To help understand my definition of ethical tourism, I’ve broken it down into 4 categories: research, observation, integration and growth.
The very base of it all. The core. The anchor. Before knowledge can be gained, research has to be done and research can take a long time. It’s not always done in textbooks. It can be done in the field. I think it’s pretty safe to say everyone will prepare for a trip. We’ll research the weather, what there is to do, where to stay, what we should bring, etc. So it shouldn’t come as total shock that we should also do some research on the culture, history and beliefs before we head somewhere.
For e.g. I traveled to Cambodia in the spring of 2016. I knew a bit about the country’s religious beliefs and spirituality.

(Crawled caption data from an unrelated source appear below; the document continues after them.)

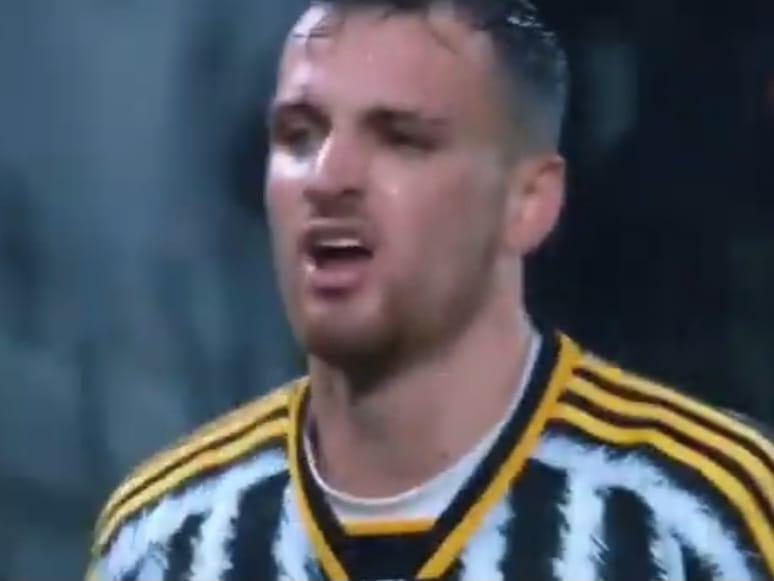 Juventus, Gatti out contro la Roma: frattura composta della diafisi del perone sinistro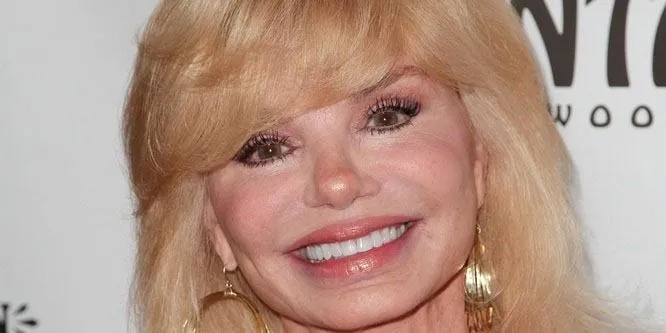 Loni Anderson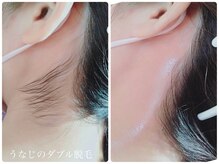 サロン ド モア(salon de MORE)/うなじのダブル脱毛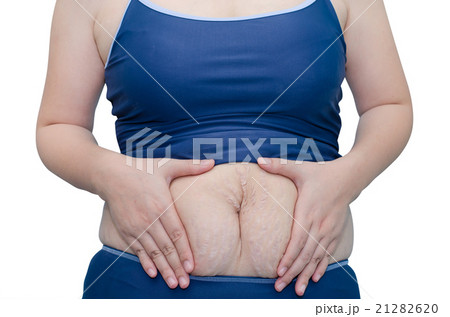 Asian woman in swim suit showing her stretch marks Asian woman in swim suit showing her stretch marks 21282620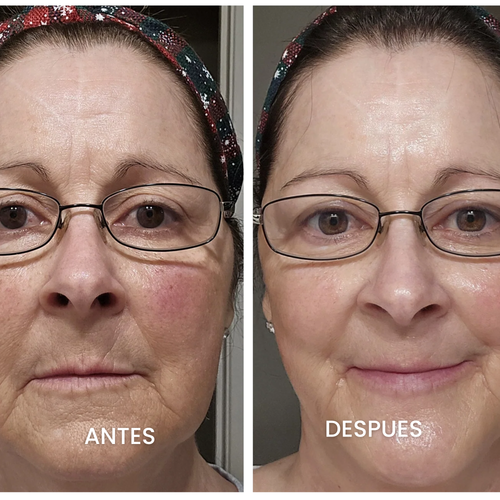 CREMA FACIAL REJUVENECEDORA COREANA 2X1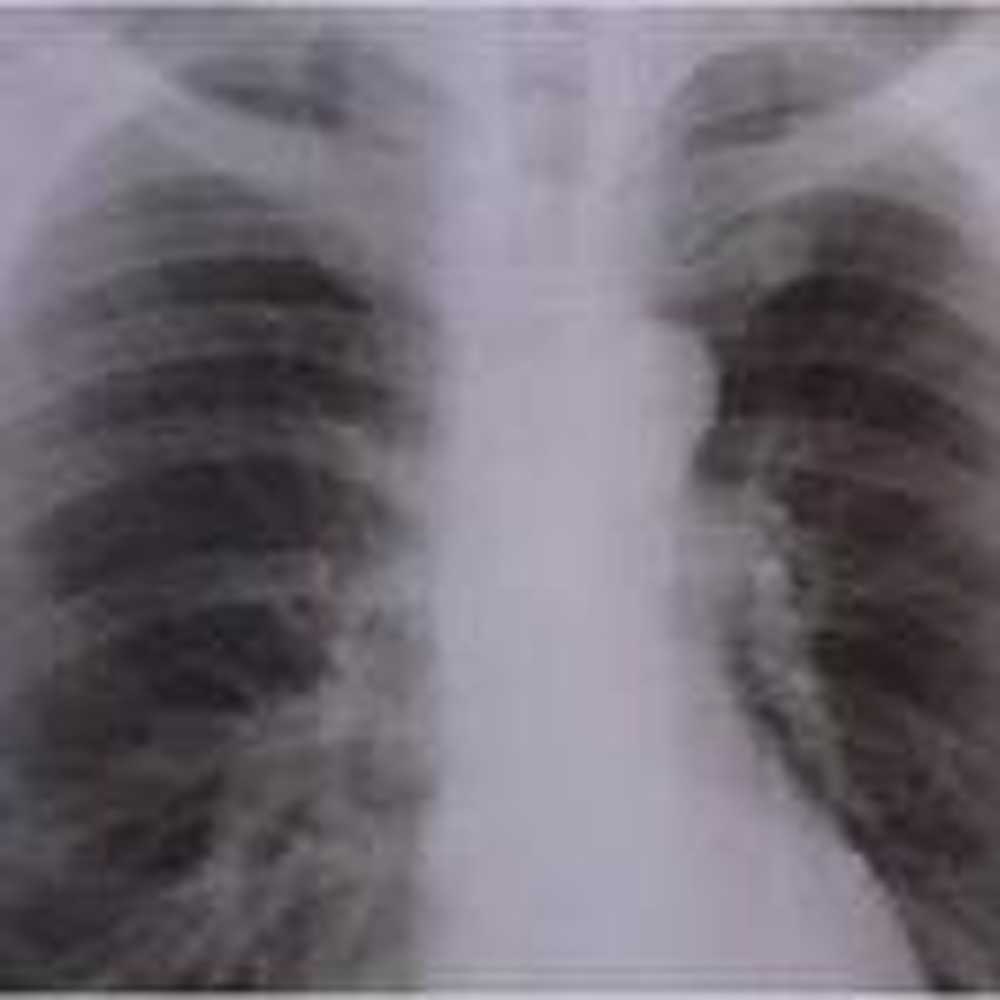 Long-term effects of smoking More lung cancer cases / Health News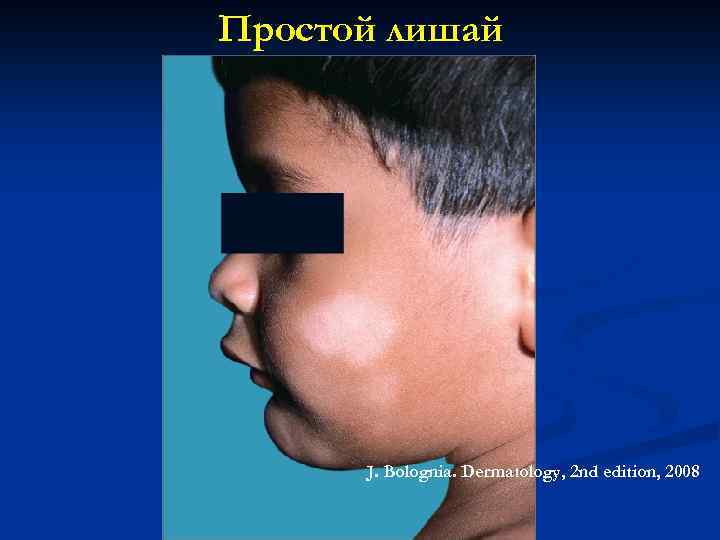 Простой лишай J. Bolognia. Dermatology, 2 nd edition, 2008 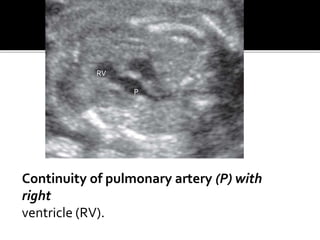 Continuity of pulmonary artery (P) with
right
ventricle (RV).
RV
P
 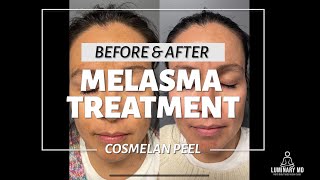 Cosmelan Peel for Melasma in Orange County with Results [upl. by Fabi]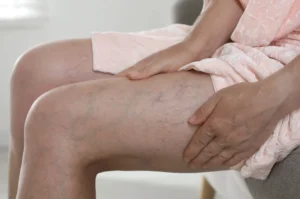 Patient sitting down and inspecting visible varicose veins on their legs before choosing between surgery and minimally invasive treatment.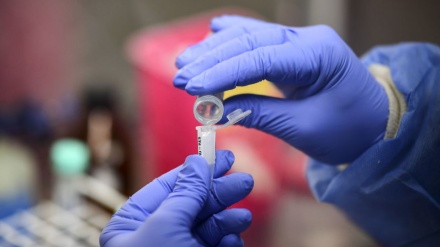 Ўзбекистонда бир суткада 465 кишида коронавирус қайд этилди 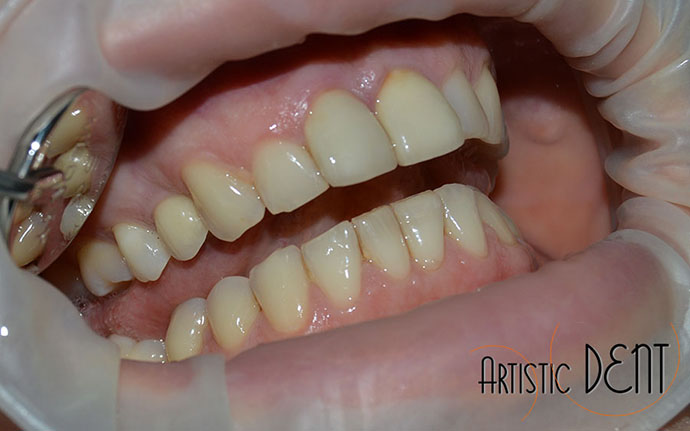 implant-dentar-straumann-nr1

I’d been warned by everyone I knew who had traveled to SE Asia to bring a pair of pants and something to cover my shoulders if I was planning on visiting temples. I assumed this was common knowledge but I was shocked to see so many booty shorts and spaghetti straps at the temples. Hearing people complain and get angry because they weren’t allowed into certain temples made me wonder if they had done any research at all or if they just assumed these rules were suggestions.
Preparation and research lead to knowledge but it’s never just black and white. There’s a lot more involved, leading me to my next point…
A recurring theme throughout this blog is perspective. We’re allowed to change our minds. More than once even. Reason being, we change with time. We see. We do. We grow. We learn. We know. Slow travel allows a more in depth observation of our surroundings. What time does the city wake up? Where do they go for coffee? What happens on Friday Night? Saturday day? Sunday morning? By observing we are slowly connecting the dots. Our knowledge and understanding grows making it easier to proceed to the next step…
After observing, slowly we make our way toward integration. If we’ve done our homework right up to this point, if we’ve done the research, saw with our own eyes, hands should be held out toward us, inviting us to integrate into the community. We might’ve made mistakes along the way and that’s ok. We are human after all. Integrating doesn’t mean abandoning our beliefs – of course not. I find it is more in line with enlightenment. Stories heard now make us feel a certain way; we’re able to try and put ourselves in someone else’s shoes making us reach a higher level of understanding.
A certain level of trust at this stage will have taken place where we are able to share stories, share ideas and collectively grow. The beauty in traveling, and why so many travelers will say you can’t put a price on it, is for its experiences. For the knowledge gained. It’s the one investment you can make where you’re guaranteed a return. A trip will forever change you. It is impossible to return home the same person you were before. We can only grow; by what we see; witnessing diversity. By knowing that we don’t know it all.
A mind that is stretched by a new experience can never go back to its old dimensions
-Olivier Wendell Holmes
I want to see and try new things. I might not like them all. But at least I’ve tried. I want to learn. I want to observe. I want to see how they “do”. Once barriers are down, a connection can be made and it allows growth. Hearts and minds are widened.
Now that’s what ethical travel means to me.